From the line below that contains "You're going to" to the line that contains "And then once", repeat every line exactly, both ends included, and nothing else.

#### Provided records:
··········
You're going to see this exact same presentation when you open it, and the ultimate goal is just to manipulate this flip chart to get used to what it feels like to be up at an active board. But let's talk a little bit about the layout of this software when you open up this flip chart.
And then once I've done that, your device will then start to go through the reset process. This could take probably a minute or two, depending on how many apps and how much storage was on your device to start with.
··········
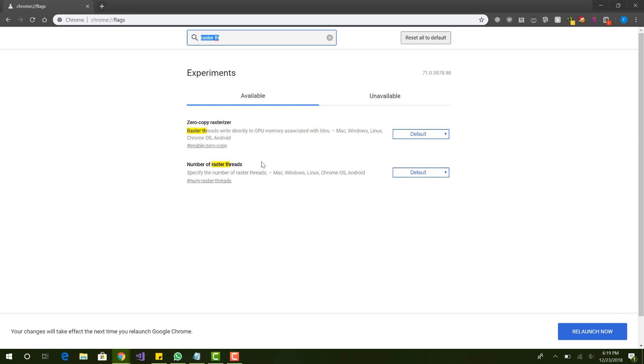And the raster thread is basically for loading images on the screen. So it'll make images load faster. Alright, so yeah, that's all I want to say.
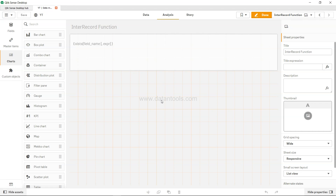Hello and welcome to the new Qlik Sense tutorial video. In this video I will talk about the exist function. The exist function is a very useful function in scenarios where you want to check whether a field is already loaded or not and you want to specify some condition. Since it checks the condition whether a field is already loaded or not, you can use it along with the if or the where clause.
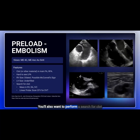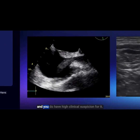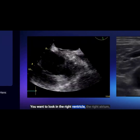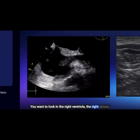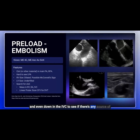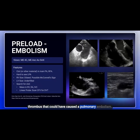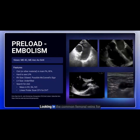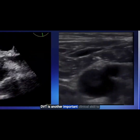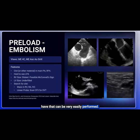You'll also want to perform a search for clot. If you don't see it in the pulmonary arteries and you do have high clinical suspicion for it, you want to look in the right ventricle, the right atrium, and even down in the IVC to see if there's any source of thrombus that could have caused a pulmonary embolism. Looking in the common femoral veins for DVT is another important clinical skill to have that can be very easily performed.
··········
#### Completed exercise:
You're going to see this exact same presentation when you open it, and the ultimate goal is just to manipulate this flip chart to get used to what it feels like to be up at an active board. But let's talk a little bit about the layout of this software when you open up this flip chart.
And then once I've done that, your device will then start to go through the reset process. This could take probably a minute or two, depending on how many apps and how much storage was on your device to start with.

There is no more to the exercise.